The First Tee Board President Mike Ferguson with Executive Director Adrienne Fields. (J.T. Keith Photo)

Copyright © 2021 Roswell Daily Record

Golf is a metaphor for life, all that is good in life should be found in athletic competition. With only a few members in 2007, the First Tee program in Roswell has grown to an international organization with 180 chapters.

First Tee is a 501(c)(3) nonprofit organization that teaches life skills, core values and healthy habits through the game of golf. Sprinkled in are a little academics. Adrienne Fields became involved over 10 years ago when her husband, Crae Fields, and Larry Fields and Jerry Childress began the program.
Its nine core values of Honesty, Integrity, Sportsmanship, Respect, Confidence, Responsibility, Perseverance, Courtesy, and Judgment stand for what a young golfer should display on the golf course and in life.
Another golfer who has come through the program is Peyton Jones. Jones has achieved at a high level making it to the Junior World’s Golf Championship in Carlsbad, Calif., this year.
“We are so proud of Peyton,” said Adrienne Fields, executive director of The First Tee of Southeastern New Mexico. “He’s a wonderful young man.”
First Tee organization has grown so fast it has built The First Tee Learning Center at several different locations; New Mexico Military Institute, Ruidoso, Hobbs, Carlsbad, Lovington, and a summer camp.
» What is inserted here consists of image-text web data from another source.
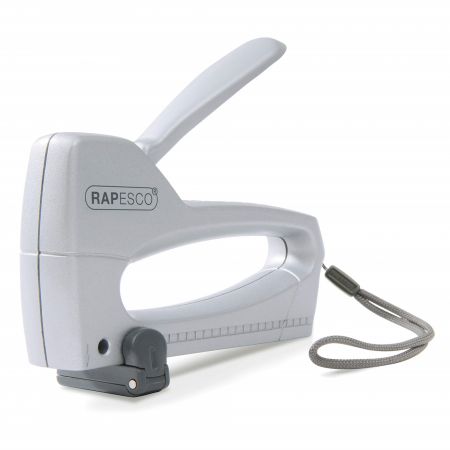 Tacker metalic RAPESCO T8-Alu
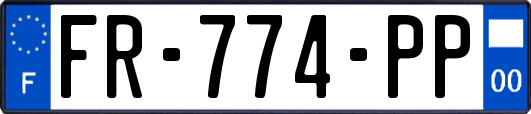 FR-774-PP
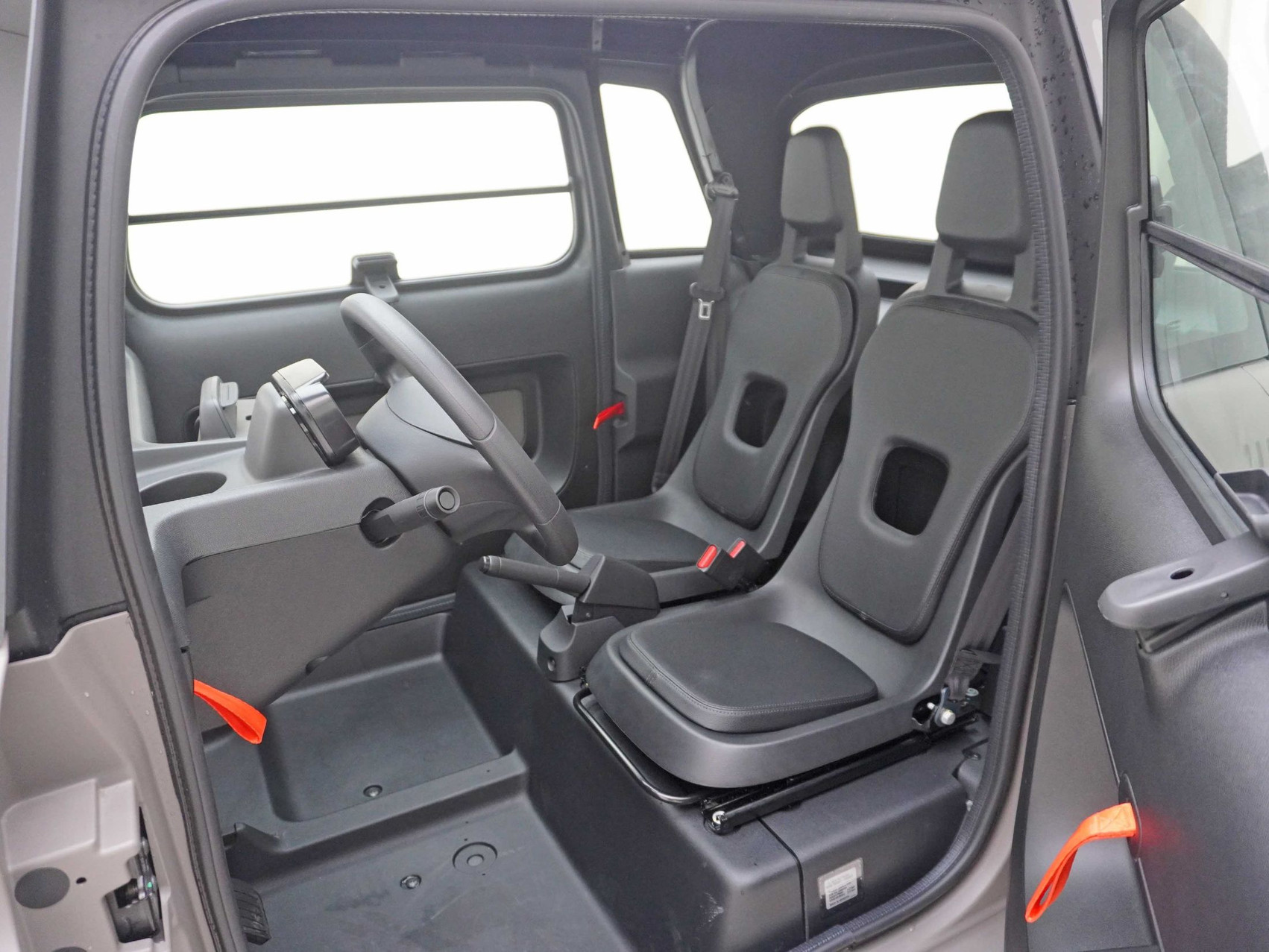 CITROËN Ami AMI Electric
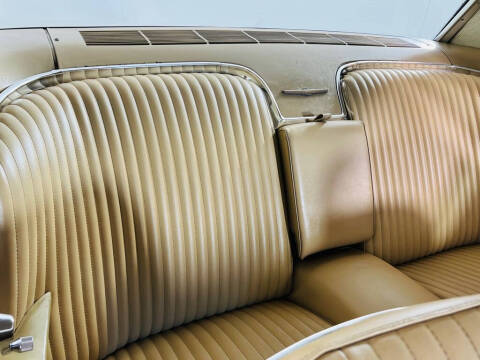 1965 Ford Thunderbird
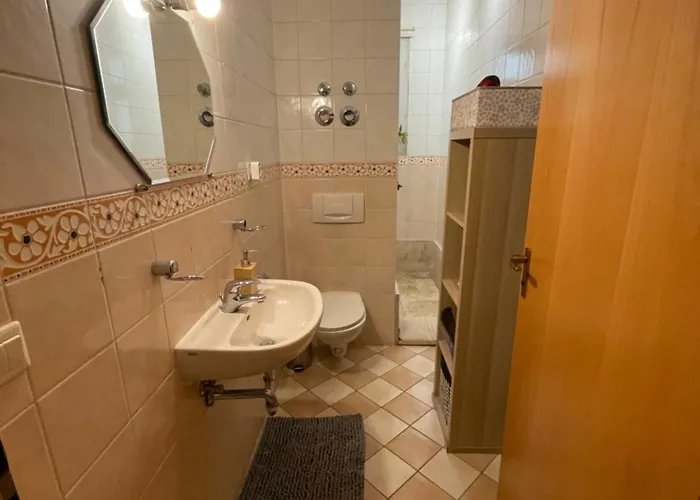 Traumhafte Nahe Dresden Nossen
The program features classes in goal-setting, conflict management with students ranging from preschool to ages 17 to 18 years old. For beginners in golf, First Tee offers Starting New At Golf (SNAG) as they try to develop players mentally and appropriately in safe equipment for elementary school-aged kids, while incorporating the First Tee’s nine healthy habits.
As the golfers get older, they gradually are incorporated with professional instruction to set them up in success for such things as college recruitment and programs to play at Pebble Beach.
Gavan Jones, another golfer who is in the program, finished fourth at the 2017 Drive, Chip and Putt National Finals at Augusta National Golf Club.
“We want to create good golfers,” Fields said. “But at the end of the day, we want to enable them to be good human beings.”
The program tries to teach golf etiquette, course management, with overall preparation of the game of golf.
“We take a holistic approach toward the person, not just the golfer,” Fields said. “We really are looking forward to helping young people grow up to be the best they can be in all areas. If golf teaches that, it’s wonderful.”
The organization believes in making golf accessible to people from all walks of life. The program is not free, First Tee provides scholarships to anyone in need. The fall semester just started and will continue to accept new applications. With over 10,000 children in southeastern New Mexico, the program continues to grow.
“This whole area has such awesome golf,” Fields said.